## DATASET
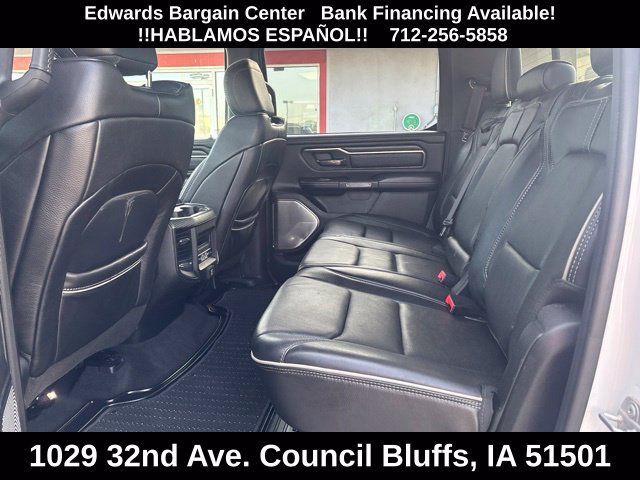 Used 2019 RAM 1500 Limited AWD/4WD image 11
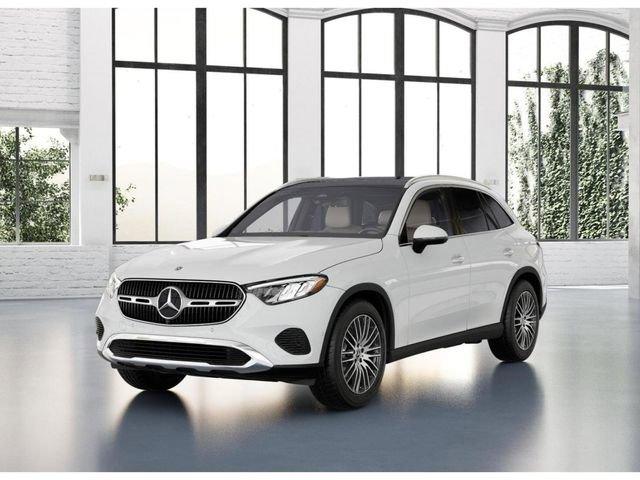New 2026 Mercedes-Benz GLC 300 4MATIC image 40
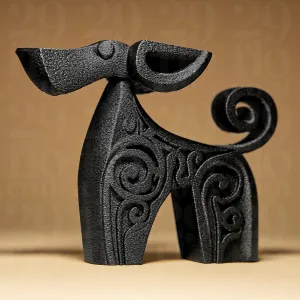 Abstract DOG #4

...

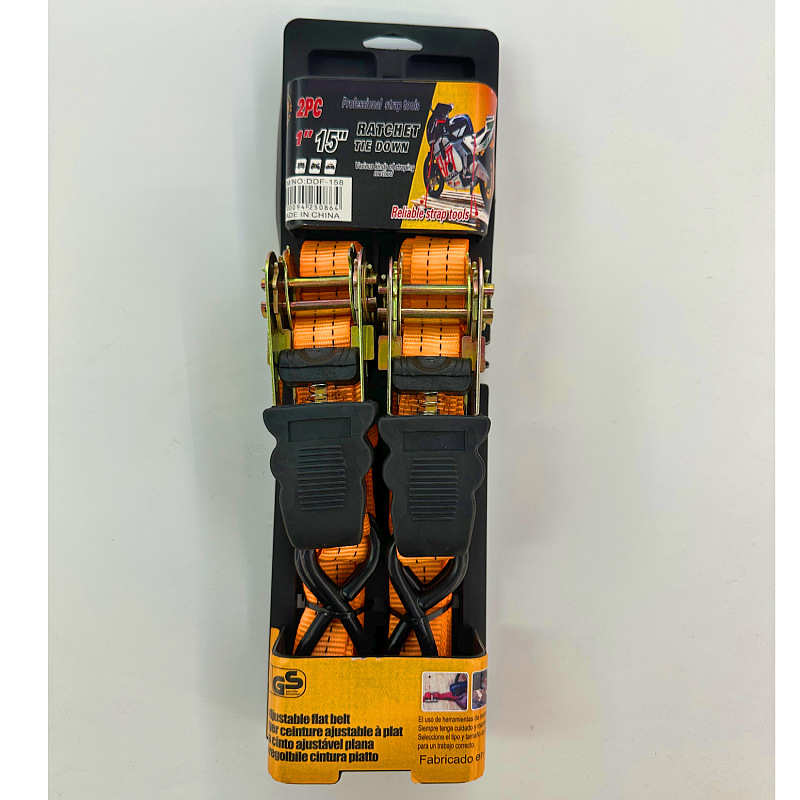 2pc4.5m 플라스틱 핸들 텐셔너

==

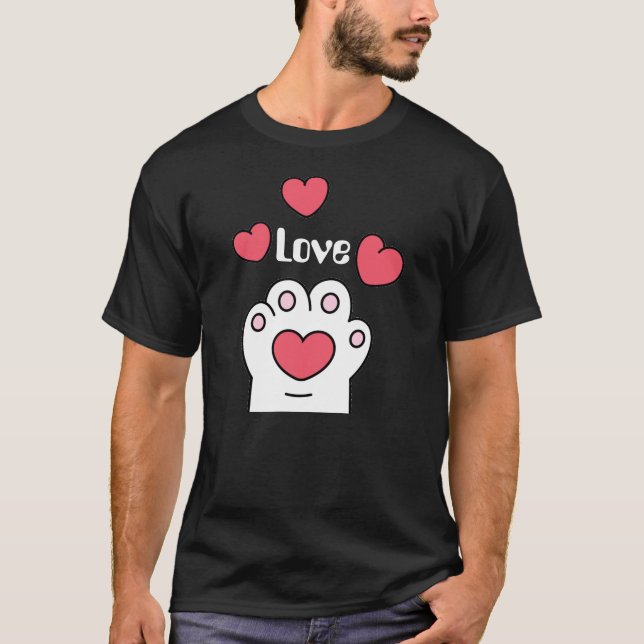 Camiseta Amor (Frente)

## WORK REQUEST
Copy the lines above exactly, starting at the one with "Used 2019 RAM 1500 Limited AWD/4WD image 11" and ending at the one with "Abstract DOG #4", both included. Leave out any pictures and add nothing else.

## TASK RESPONSE
 Used 2019 RAM 1500 Limited AWD/4WD image 11
New 2026 Mercedes-Benz GLC 300 4MATIC image 40
 Abstract DOG #4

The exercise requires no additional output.